"Sa evacuare una città?" I colloqui-incubo per lavorare da Google

Ogni anno arrivano un milione di curriculum. E l'azienda è dieci volte più selettiva di Harvard

"Sa evacuare una città?" I colloqui-incubo per lavorare da Google

Negli anni '80 bisognava lavorare a Wall Street o almeno in banca, nei '90 non c'era altro posto che Microsoft, sempre in cima alle classifiche della qualità dell'ambiente di lavoro. I rampanti di oggi, che non sono più i Gordon Gekko del film o i «padroni del mondo» di Tom Wolfe, hanno un obiettivo su tutti: lavorare a Google. L'unica alternativa, se proprio non si sopporta di doversi vestire da nerd con i pantaloni troppo larghi e troppo corti e la maglietta con una stampa di ispirazione internettiana, è indossare un girocollo e mandare un curriculum ad Apple. Si vestono così pure i commessi dei negozi e si danno certe arie come se li avesse assunti direttamente Steve Jobs buonanima.

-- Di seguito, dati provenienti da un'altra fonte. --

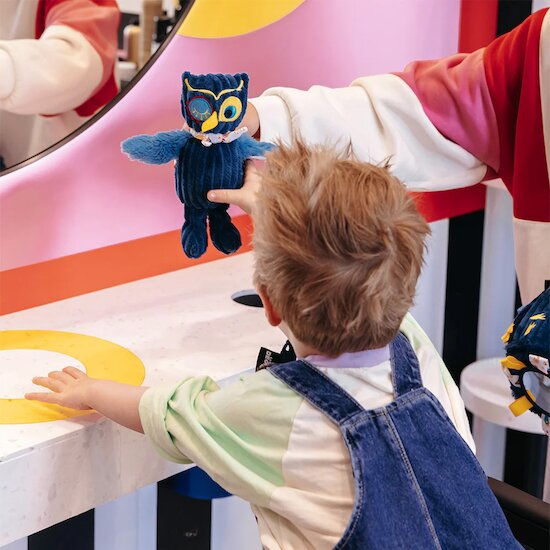 Peluche avec boîte cadeau Petit Simply Astros le hibou   de               Les Déglingos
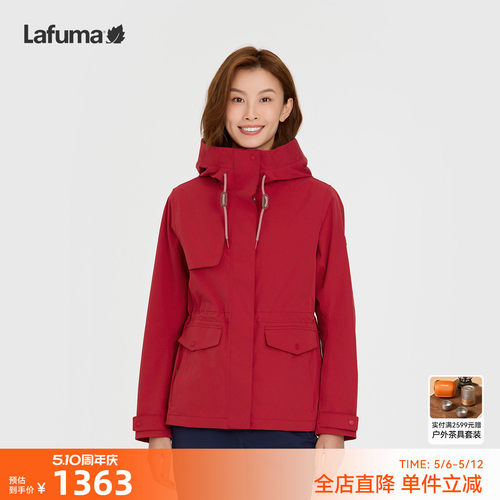 乐飞叶25新品冲锋衣女风衣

Del resto se sei nel posto di lavoro giusto sei il padrone del mondo, anche se sei un nerd. Vedi la battuta di uno dei protagonisti di Revolution, la serie tv americana del momento ambientata in un mondo in cui la corrente elettrica se n'è andata per non tornare più, un posto selvaggio in cui a malapena ci si ricorda com'era prima il pianeta: «Prima che andasse via la luce lavoravo in un posto che si chiamava Google. E avevo 80 milioni di dollari in banca».
Così si costruisce un mito. Nell'ampia pubblicistica la sede dell'azienda a Mountain View, California, è sempre colorata, allegra, moderna ed è leggendaria la sala giochi interna dove la pausa cappuccino e biliardino che per un ministeriale ha il marchio del fancazzismo, si trasforma magicamente in pensatoio. I capi sono comprensivi e geniali e in più non portano la cravatta. Le paghe sono generose e non ci sono colleghi noiosi ma al massimo creativi dalla personalità originale.

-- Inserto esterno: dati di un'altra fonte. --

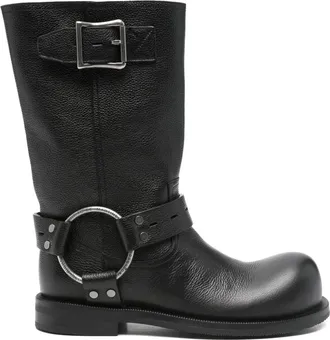 Martine Rose O-ring biker boots - Black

Non per niente il motore di ricerca più cliccato del modo riceve ogni anno un milione di richieste di assunzione. Superano la selezione solo un candidato ogni 137. Il che rende Google dieci volte più selettiva della selettiva università di Harvard, dove gli ammessi sono uno su quattordici. Il mito, specialmente in tempo di crisi, resiste a ogni colpo, rimbalzano perfino le accuse di non rispettare la privacy dei «clienti» e di cedere troppo facilmente alle pressioni della censura cinese.

Per ora è solo la letteratura a gettare ombre. Douglas Coupland, quello di Generazione X, in J Pod racconta di un'azienda della net economy burocratica e contorta in cui i membri di un reparto vengono scelti da un meccanismo automatico che raggruppa, insensatamente, tutti i dipendenti i cui cognomi iniziano con la J. E da pochi giorni è uscito il libro di William Poundstone che va al cuore del problema cercando di rispondere alla domanda del titolo: Sei abbastanza sveglio per lavorare in Google? Chi ha sostenuto un colloquio, svela Poundstone, si è trovato a dover affrontare i quesiti più squinternati e incomprensibili dai tempi di «Chi Vespa mangia la mela».

I selezionatori possono chiederti cose come: «Elabora un piano di evacuazione di San Francisco». Oppure «Avete un milione di fogli di carta, ciascuno dei quali è il curriculum di uno studente universitario. Dovete ordinarli secondo l'età dello studente. Come fate?».
Come si risponde a domande del genere? E serve di più essere geni o furbetti del quartierino? L'autore del saggio consiglia innanzitutto di non accontentarsi delle soluzioni semplici. Meglio le risposte altisonanti e astruse per far capire quanto siete geniali. Conclusione? «La new economy -scrive Poundstone- ne ha preso atto. In un colloquio si può stabilire se una persona ha una conversazione gradevole, e si può fare qualche domanda tecnica per scartare chi è decisamente incapace, ma, al di là di questo, tanto varrebbe affidarsi al lancio dei dadi, ha scritto Bram Cohen, fondatore dell'azienda di software Bit-Torrent.

Il responsabile delle risorse umane della Google, Laszlo Bock, ha detto in modo ancor più succinto: i colloqui sono del tutto inattendibili nel prevedere le prestazioni». Stai a vedere che rivalutano le raccomandazioni all'italiana.